Anda pasti pernah mendengar, bahwa ada sebuah kamar khusus (nomor
308) di lantai atas Samudera Beach Hotel, Pelabuhan Ratu, yang
disajikan khusus untuk Ratu Kidul. Siapapun yang ingin bertemu dengan
sang Ratu, bisa masuk ke ruangan ini, tapi harus melalui seorang
perantara yang menyajikan persembahan buat sang Ratu. Pengkhususan
kamar ini adalah salah satu simbol ‘gaib’ yang dipakai oleh mantan
presiden Soekarno.
Sampai sekarang, di masa yang sangat modern
ini, legenda Kanjeng Ratu Kidul, atau Nyi Roro Kidul, atau Ratu Pantai
Selatan, adalah legenda yang paling spektakuler.

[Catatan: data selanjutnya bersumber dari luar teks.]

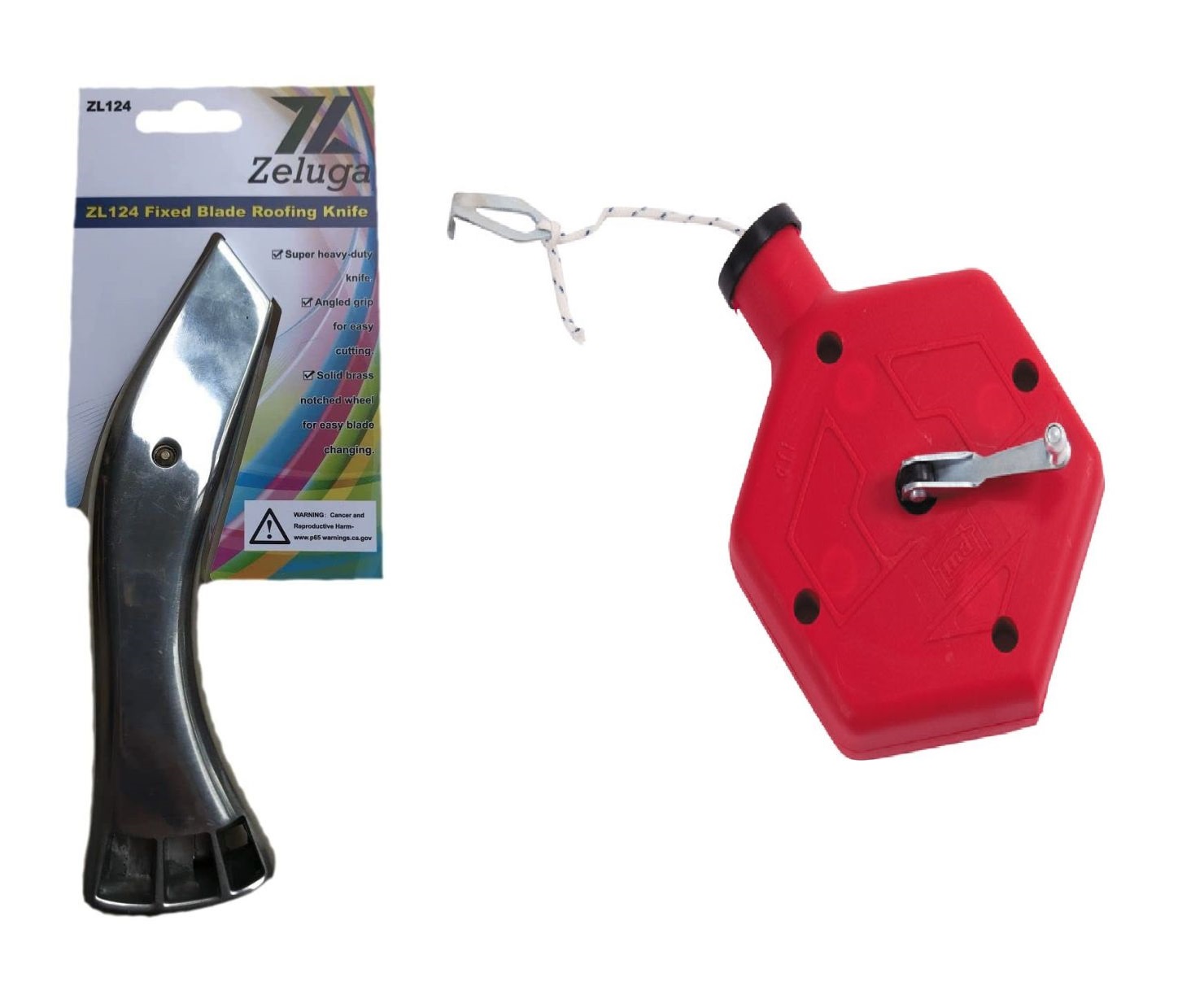 ZL12400760 Fixed Blade Roofing Knife and 100ft. Contractor Chalk Reel Combo Pack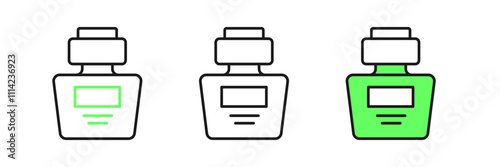 Set line Perfume icon isolated on white background. Vector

Bahkan ketika anda
membaca kisah ini, banyak orang dari Indonesia atau negara lain
mengakui bahwa mereka telah bertemu ratu peri yang cantik mengenakan
pakaian tradisional Jawa. Salah satu orang yang dikabarkan juga pernah
menyaksikan secara langsung wujud sang Ratu adalah sang maestro
pelukis Indonesia, (almarhum) Affandi. Pengalamannya itu kemudian ia tuangkan dalam sebuah lukisan.